**Information provided:**
+ + + + + + +

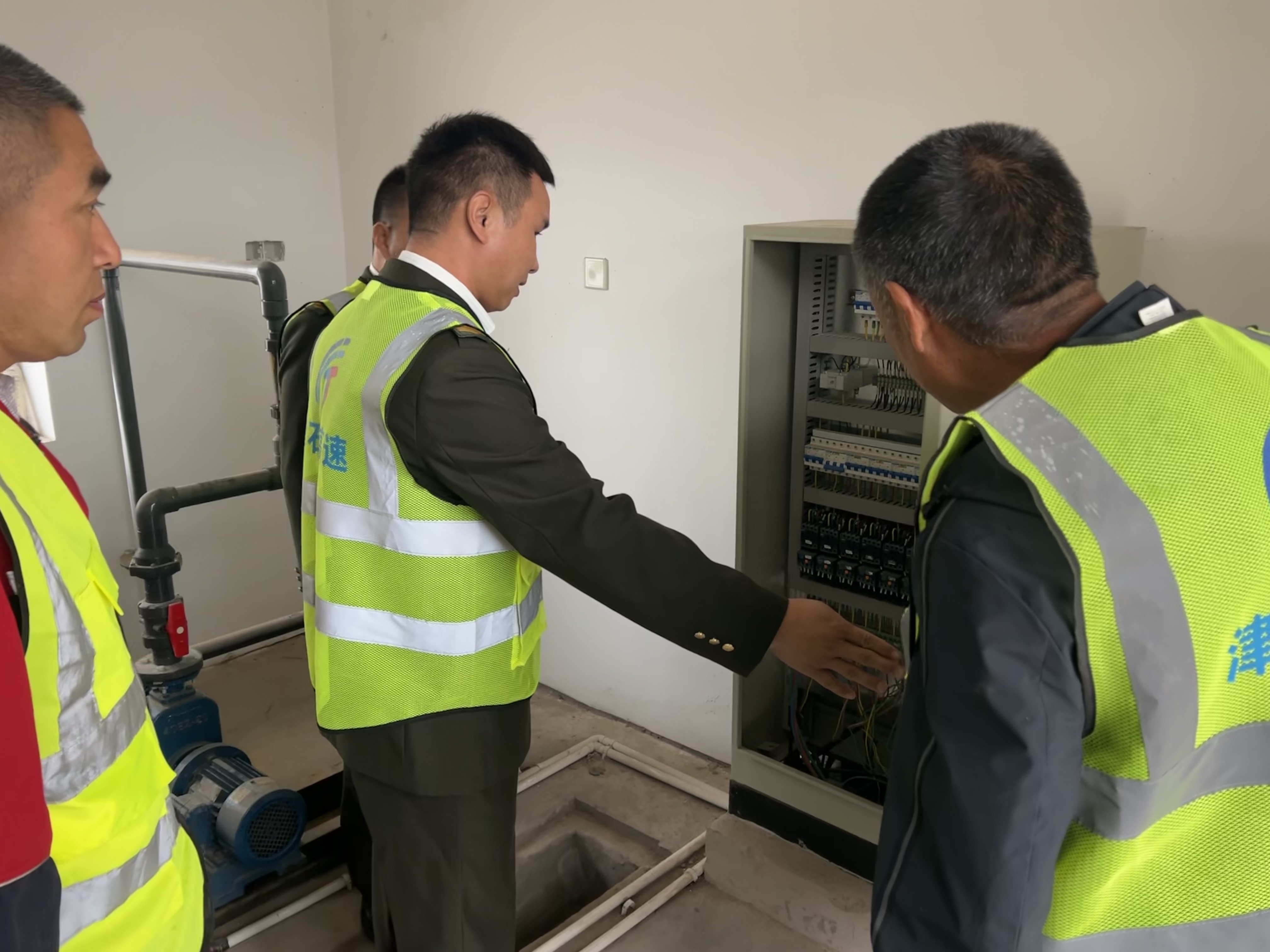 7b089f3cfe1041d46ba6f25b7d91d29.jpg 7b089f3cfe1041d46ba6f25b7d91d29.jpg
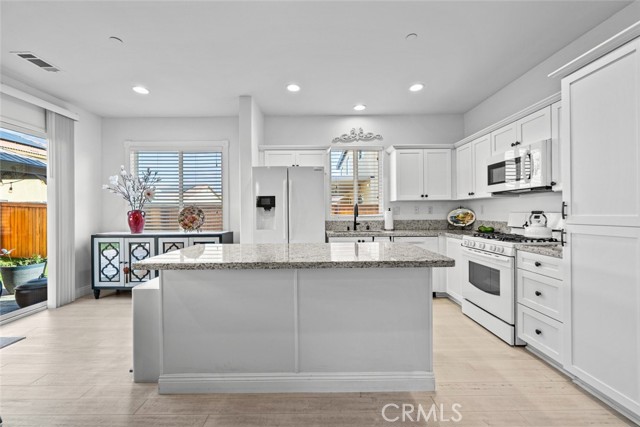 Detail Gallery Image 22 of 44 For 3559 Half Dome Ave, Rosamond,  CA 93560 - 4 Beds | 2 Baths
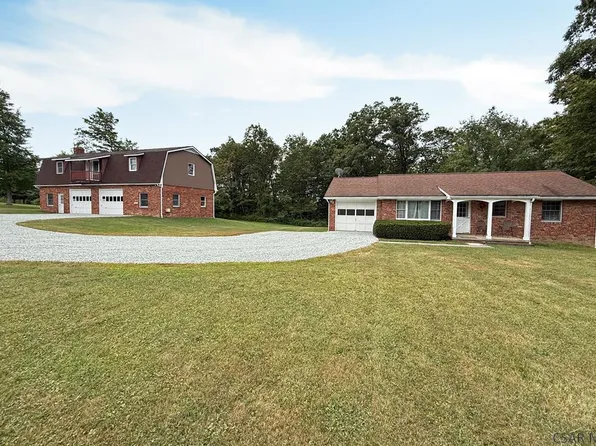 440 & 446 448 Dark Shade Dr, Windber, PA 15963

+ + + + + + +

**What the exercise asks:** Apart from the pictures, every line above must be printed exactly.

**Response to the task:**
 7b089f3cfe1041d46ba6f25b7d91d29.jpg 7b089f3cfe1041d46ba6f25b7d91d29.jpg
 Detail Gallery Image 22 of 44 For 3559 Half Dome Ave, Rosamond,  CA 93560 - 4 Beds | 2 Baths
 440 & 446 448 Dark Shade Dr, Windber, PA 15963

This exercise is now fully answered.